As we prioritize time for ourselves, it is inevitable we may have to say "no" to others including our friends, family, and coworkers or supervisors. Recognizing when it is time to say "no" requires one to honor just how valuable their time is and respect their priorities (including yourself, remember the oxygen mask here!). Many agree, there is a true art to saying "no" politely, yet firmly.
Remember that being respectful does not mean that you need to explain in detail why you are saying "no". My favorite quote by author Anne Lamott is "No is a complete sentence." In general, remember to keep your "no" brief, polite, and fairly general.
A few tips on learning the art of saying "no":
- Practice – Repeating "no" may be necessary to get the message across.
- Don't apologize – This is a tough one! It's all too common to start out by saying "I'm sorry but…" While this is polite, it also sounds like you are at fault. There is no need to apologize for respecting your boundaries.

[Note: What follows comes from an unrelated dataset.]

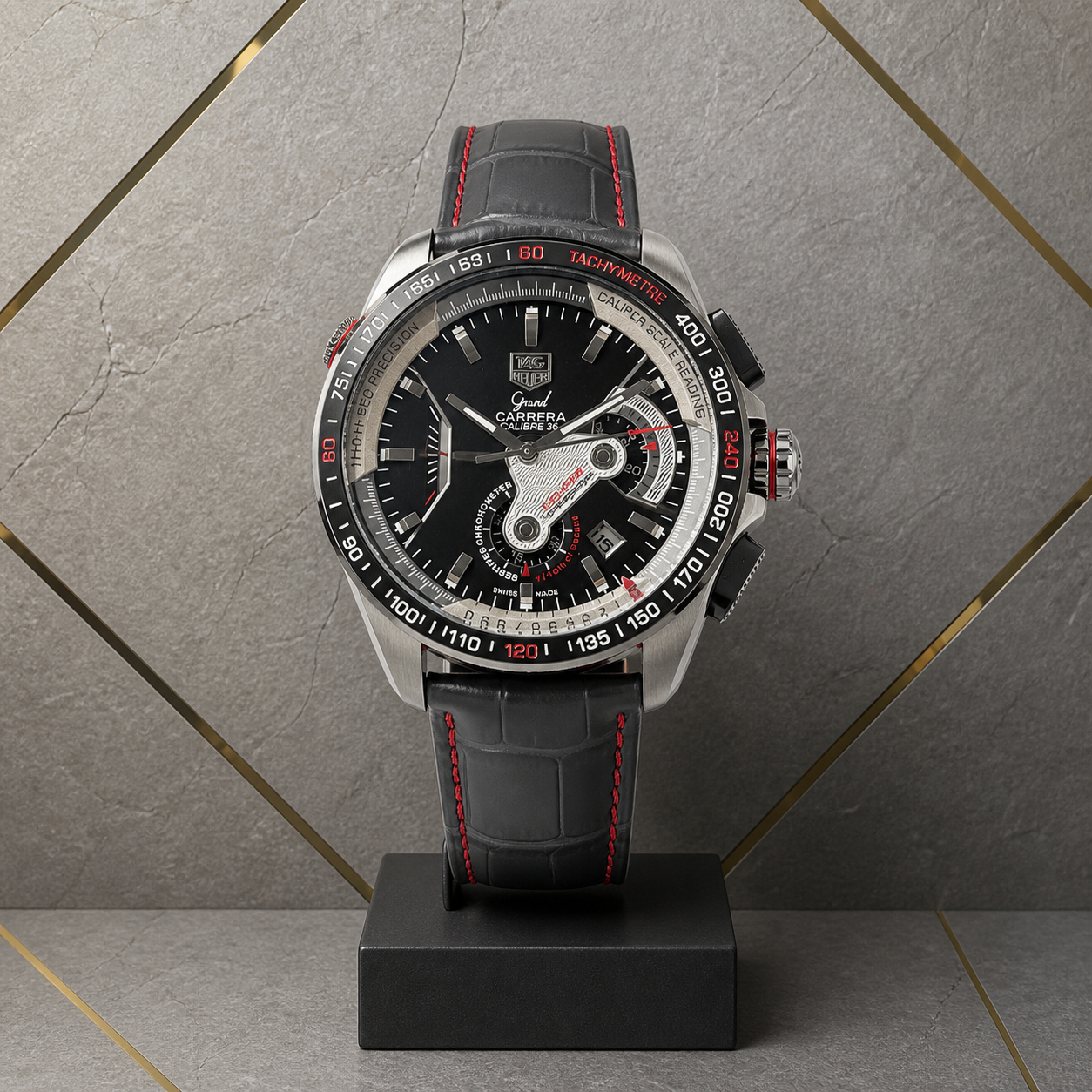 TAG Heuer Carrera Calibre 36 black chronograph against the grey and gold Primepicks office wall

- I'll get back to you – This will give you time to evaluate and to check your commitments and priorities before answering.
- The alternative idea "no" – "I'm sorry I'm not free today, but I am free later on in the week. Can we meet then?"
Remember, being able to say "no" is important to setting clear boundaries. Learning how to say "no" when necessary can prevent feeling overburdened and fatigued. Sounds like a great way to take care!